Documents presented as new facts

[5] The Appellant submitted the following documents in support of the application to rescind or amend:

  • Health insurance card from the province of Alberta # x dated 2011/02/23
  • Identity card from the province of Alberta # x issued on May 3, 2013
  • Doctor’s letter dated March 3, 2020, showing medical services in Alberta between 2011 and 2015.
  • Four bank statements (one from 2011, one from 2013, and two from 2015) with an address in Edmonton

Analysis

[6] The Appellant must prove, on a balance of probabilities, that the evidence filed in support of her application to rescind or amend establishes a new material fact under section 66(1)(b) of the Act.

[7] Before section 66(1)(b) of the Act came into effect in April 2013, the Federal Court of AppealFootnote 1 set out the requirements evidence has to meet to be admissible as a “new fact” under former section 84(2) of the CPP:

  1. It must establish a fact (usually a medical condition in the context of the CPP) that existed at the time of the original hearing but was not discoverable before the original hearing by the exercise of reasonable diligence (the “discoverability test”); and
  2. The evidence must reasonably be expected to affect the results of the prior hearing (the “materiality test”).

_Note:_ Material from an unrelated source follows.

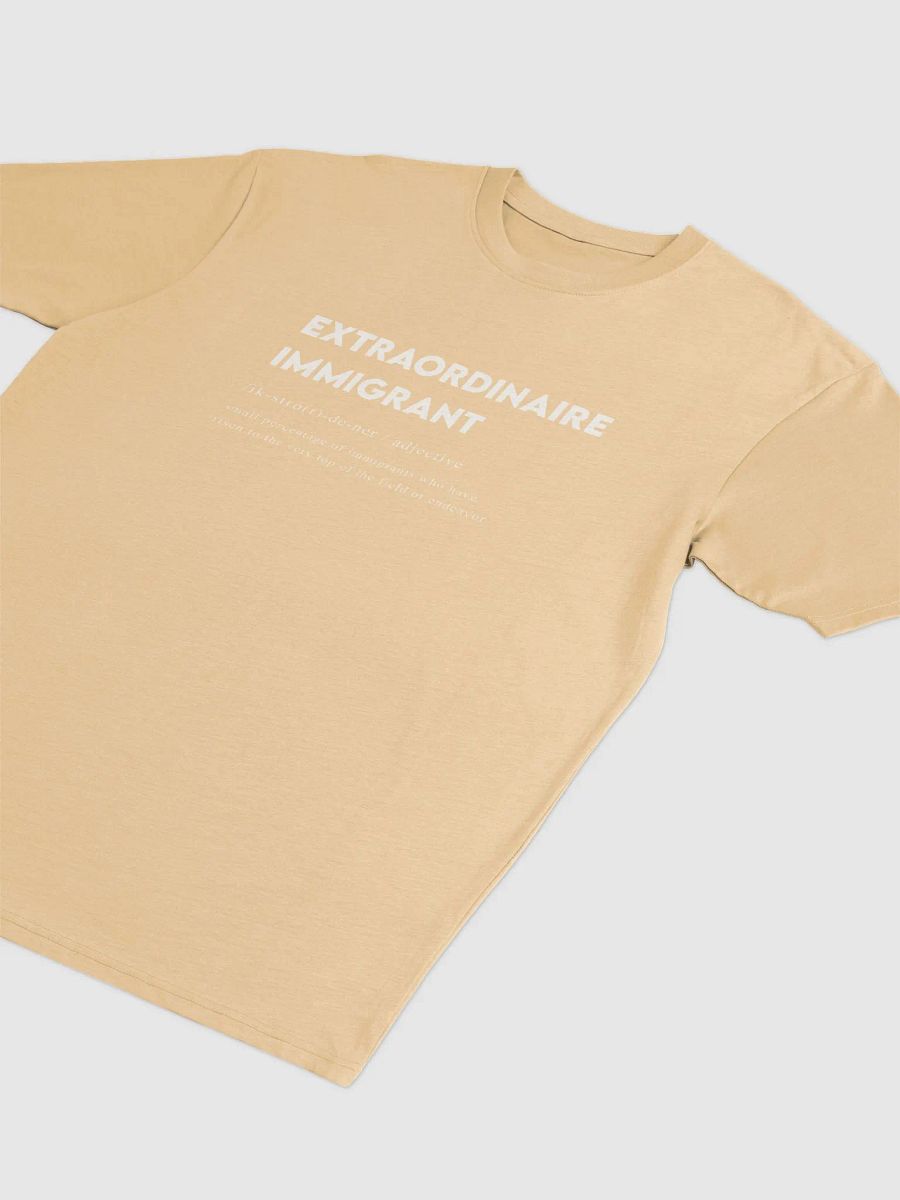 Extra Ordinaire Tshirt product image (16)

[8] Furthermore, the Federal CourtFootnote 2 found that an applicant must provide evidence of what steps were taken to find the new evidence and explain why this new evidence was not presented at the original hearing.

[9] Based on a review of all the documents the Appellant submitted in support of her application to rescind or amend, they were all dated before the November 26, 2019, decision, except the doctor’s letter showing the medical care, but those services were all provided before the decision.

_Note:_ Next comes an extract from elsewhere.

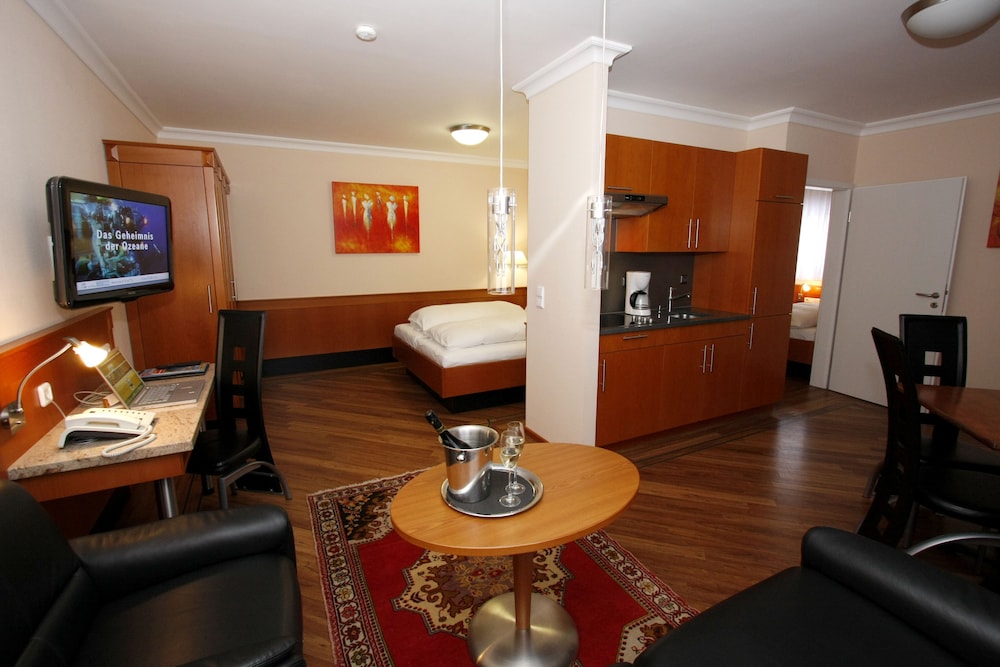 Apartment Hotel Kral 17/49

[10] The Appellant noted in the grounds for her application to rescind or amend that she thought only her residence in Québec was relevant to determining her eligibility for the OAS pension. And she noted that she did not think that her eligibility for medical coverage in Alberta would be relevant, that she had not had the opportunity to present that evidence, and that she had not been asked about it.

[11] All the documents the Appellant presented existed at the time of the November 26, 2019, decision. The Appellant has not put forward any evidence that the documents she submitted as new material facts could not have been discovered with the exercise of reasonable diligence. There is no evidence that the Appellant had difficulty obtaining documents.Footnote 3

[12] The documentary evidence indicates that the Appellant always indicated in the questionnaires that she went back to the temple in Québec when she returned to Canada between 2005 and 2015. Furthermore, according to the recording of the hearing, the Appellant was asked about her travels to and from Canada. She did not mention having lived elsewhere in Canada than Québec. She was also asked about her health between 2010 and 2015 because she did not have medical coverage in Québec. She responded that she did not have many health issues during that time. She never mentioned that she was under a doctor’s care in Edmonton. She was also asked several times where she has lived since arriving in Canada, and she always responded the monastery in Québec.

[13] Finally, the evidence presented in support of her application to rescind or amend would not have changed the decision because the Appellant stated in the documents already submitted and at the September 19, 2019, hearing that she had travelled abroad regularly and frequently and often for long periods during the period from January 1, 2006, to November 30, 2015.

Conclusion

[14] I find that the evidence does not establish that a new material fact exists under section 66(1)(b) of the Act.

[15] The application to rescind or amend is refused.